I wasn’t unaccustomed to the friendliness of North Country people but I’d never seen a town, invaded by a rock festival crowd, welcome it so openly as did Bickershaw. They were amazing, so it was very pleasant that, when the Grateful Dead opened on the last night, the organisers had brought in a load of locals and their kids to the fenced-off zone next to the stage so they could watch the fireworks. Was a nice touch.

Meanwhile I was sat on the ground amongst what I realised was sedge! There have been muddier gigs than that, but this was a flood meadow! No wonder it was so cold and damp. I don’t recall either how I got home afterwards, but will never forget the blinder the Dead played, nor the beautiful people of that small mining community who restored my faith in humanity.

Richard Anthony, Exeter

 


© Keith Liggins


Stayed from the Friday night to the Monday morning, my abiding memory is that even though it rained a lot I really enjoyed it. I was into West Coast bands and to see the Grateful Dead, New Riders of the Purple Sage and Country Joe playing in Wigan was unbelievable. I found your sight a few days ago and talking about it with my wife she reminded me about the circus acts, a guy diving into a blazing tub from a great act and a guy riding a bike on a high wire above the crowd, amazing. The gates where open to the public on the Sunday afternoon as it was obvious nobody had been paying to get in anyway as the security were taking backhanders, local middle aged couples where jiving to the Grateful Dead right by the front of stage and I can clearly remember Country Joe playing a great set on the Sunday afternoon.
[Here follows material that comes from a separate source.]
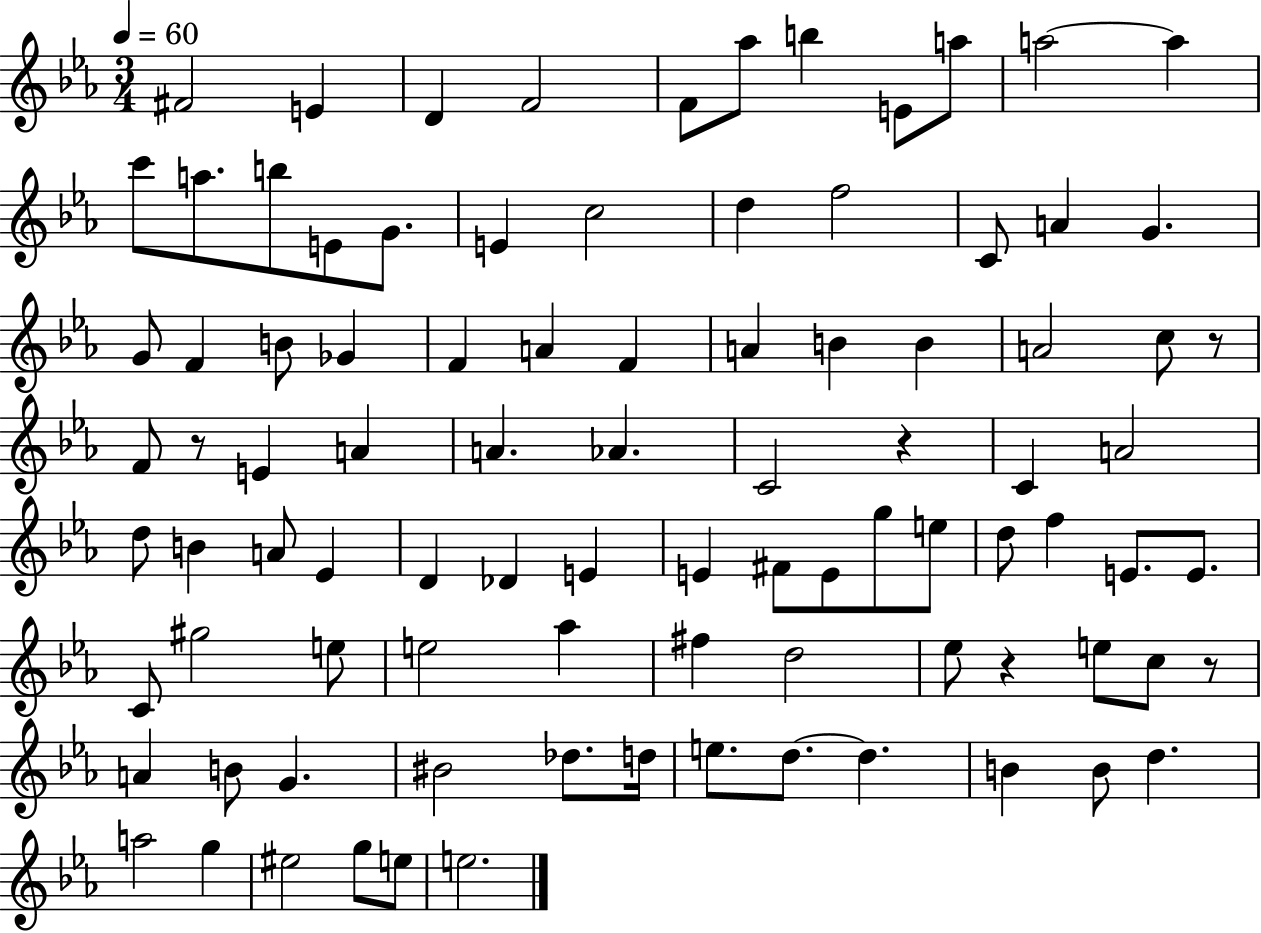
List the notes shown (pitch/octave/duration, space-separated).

F#4/h E4/q D4/q F4/h F4/e Ab5/e B5/q E4/e A5/e A5/h A5/q C6/e A5/e. B5/e E4/e G4/e. E4/q C5/h D5/q F5/h C4/e A4/q G4/q. G4/e F4/q B4/e Gb4/q F4/q A4/q F4/q A4/q B4/q B4/q A4/h C5/e R/e F4/e R/e E4/q A4/q A4/q. Ab4/q. C4/h R/q C4/q A4/h D5/e B4/q A4/e Eb4/q D4/q Db4/q E4/q E4/q F#4/e E4/e G5/e E5/e D5/e F5/q E4/e. E4/e. C4/e G#5/h E5/e E5/h Ab5/q F#5/q D5/h Eb5/e R/q E5/e C5/e R/e A4/q B4/e G4/q. BIS4/h Db5/e. D5/s E5/e. D5/e. D5/q. B4/q B4/e D5/q. A5/h G5/q EIS5/h G5/e E5/e E5/h.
I got home on the Monday afternoon, starving and caked in mud but had a great time.

Mike Fox

© Chris McHugo


Hi my name is brian i was living in hindley at the time about four miles away i walked it over the fields and down the railway line. as i recall it was boggy but great i went with a mate .

at the time i was only twenty two dont remember paying to get in as someone said go round and walk through which we did.

I remember the residents did not want the event to go ahead but plenty of them made a lot of money selling tea and coffee,sandwiches, and chips, if only to be there again.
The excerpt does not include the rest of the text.